Finish, finish, finish. And no, I am not talking about the country — what Gary Thorne would say after watching a team struggling to score goals. I am talking about the New York Rangers. Last night’s game at home against the St. Louis Blues was all about capitalizing on limited opportunities and finishing off a play. Blues did exactly that and the Rangers failed, leading to a 2-1 loss.
The Rangers’ powerplay has had a major turn around from last year, as they went from ranking near the bottom of the league in 2012-13 to now in the top 10 in 2013-14. This will change if more teams follow what the Blues did and accomplished, while shorthanded.
I have noticed throughout the year that the way to defeat the Rangers’ powerplay is simply to attack and put constant pressure on the puck handler. The Rangers just do not have a smart team when it comes to decision making and the Blues made them pay. On the flip side, when the Blues had a powerplay in crunch time in the third period, they were able to get a big blast from the point from defenseman, and U.S. Olympian, Kevin Shattenkirk, which turned out to be the game winning goal.
The Rangers tried, they certainly did, but in the end they were just no match for a bigger, more physical and faster team in the Blues. Not only do the Blues have all of those advantages on the Rangers, but they can also finish off plays in limited opportunities. Both teams’ strengths are defense, but unlike the Rangers, the Blues have players that can put the puck in the net, especially from their defense.
Shattenkirk showed us not only the game winning goal last night, but one of the Rangers’ major weaknesses. The Rangers are one of the only teams who do not have one defenseman with a powerful slap shot from the blue line that can get through and on net.

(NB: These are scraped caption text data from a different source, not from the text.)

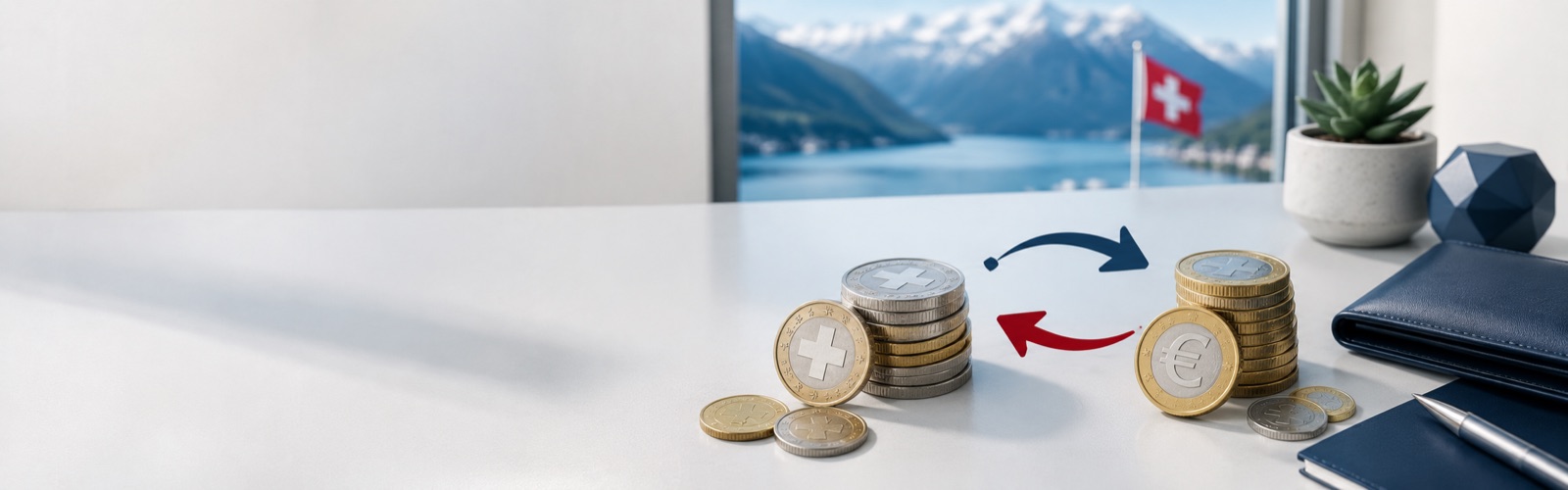 Changer ses CHF en EUR sans se faire avoir : le coût caché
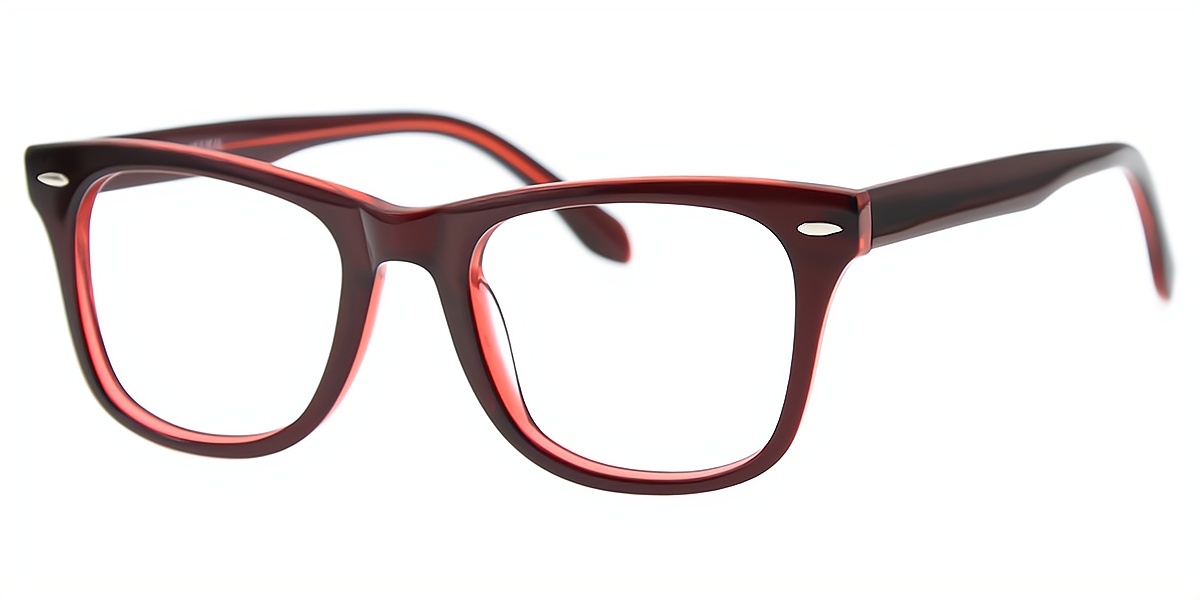 Red Butterfly Hipster Oversized Acetate Eyeglasses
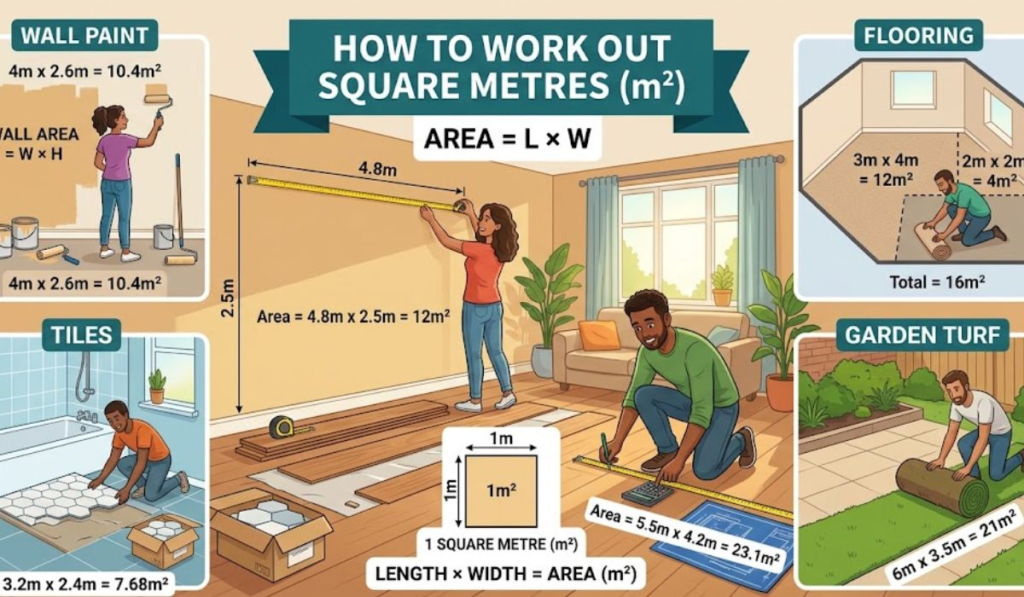 How Do You Work Out Square Metres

This can be said about many of their forwards as well and frankly, how are you supposed to win games, especially against a top team like the Blues, if you cannot score goals when given a small amount of opportunities due to a very good defense?
The answer is you just can’t.
New York has to make some big changes, at forward and defense, if it wants to play head coach Alain Vigneault‘s system consistently at a high level and make noise this season, which is now quickly approaching its end.